Question - Why can't program writers simply agree on how to divide up the space? Some programs will take memory locations 7000-8000. Other programs will take locations 8000-9000, etc.

Question - The user's program has started. The OS needs to change what memory locations things map to, but binding is done at load-time. Why is it not practical for the OS to say to the user: "Please reload your program so I can re-do the binding"

Question - Why is it not practical to say to a user: "Please recompile your program"

Virtual Machine (VM)

Virtual machine

Running Linux inside Windows with VMware.
I use this kind of thing in DCU labs to teach system administration of an imaginary multi-machine network all running on one machine.
Image from here.

Java Virtual Machine

Java is a language designed for a machine that does not exist, but that can be emulated on top of almost any machine.
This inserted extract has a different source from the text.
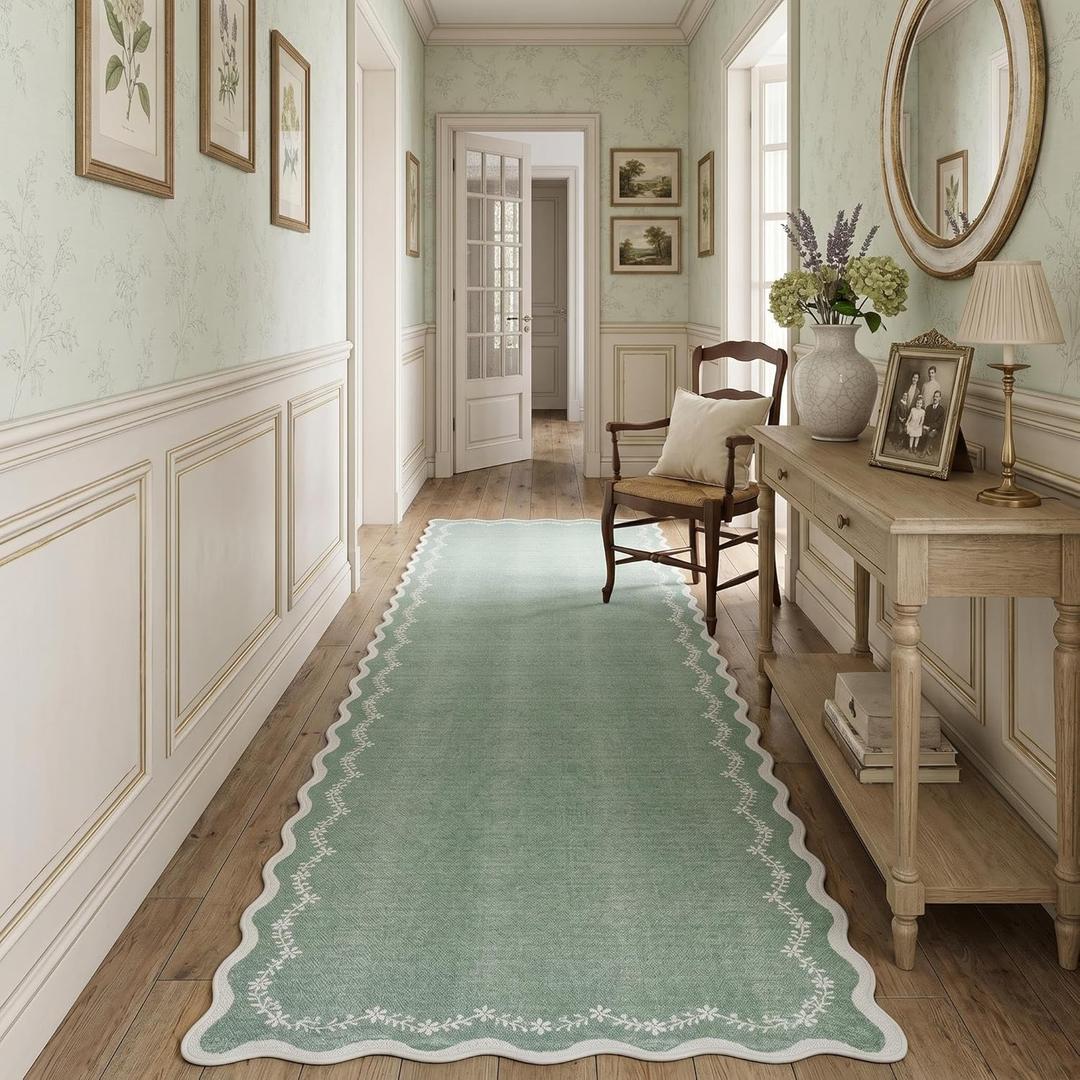 GarveeHome 2.6x10 Scalloped Washable Runner Rug for Kitchen, Soft Green Long Hallway Runner Non Slip Entryway Rug Farmhouse Thin Laundry Mat Stain Resistant Carpet for Bathroom Beside Rug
Java runs on a virtual piece of "hardware", the Java virtual machine.


  1. Portability. Write an application once, run everywhere.
  2. Run code from Internet on client-side. Even though from a site with different hardware, they will run on your hardware.

Java is a HLL. It is "compiled" to a "virtual" instruction set called Java bytecodes. These run on Java VM, where they are actually mapped to native hardware instructions.

What language is OS written in?

OS'es are written mainly in HLL, with some Assembly in Kernel.
Assembly fast but hardware-specific.
HLL much more portable, much easier to write/debug/change/maintain.

C / C++ does, however, allow you directly embed Assembly instructions within it.

Is Assembly needed?

Assembly is faster. But not needed everywhere.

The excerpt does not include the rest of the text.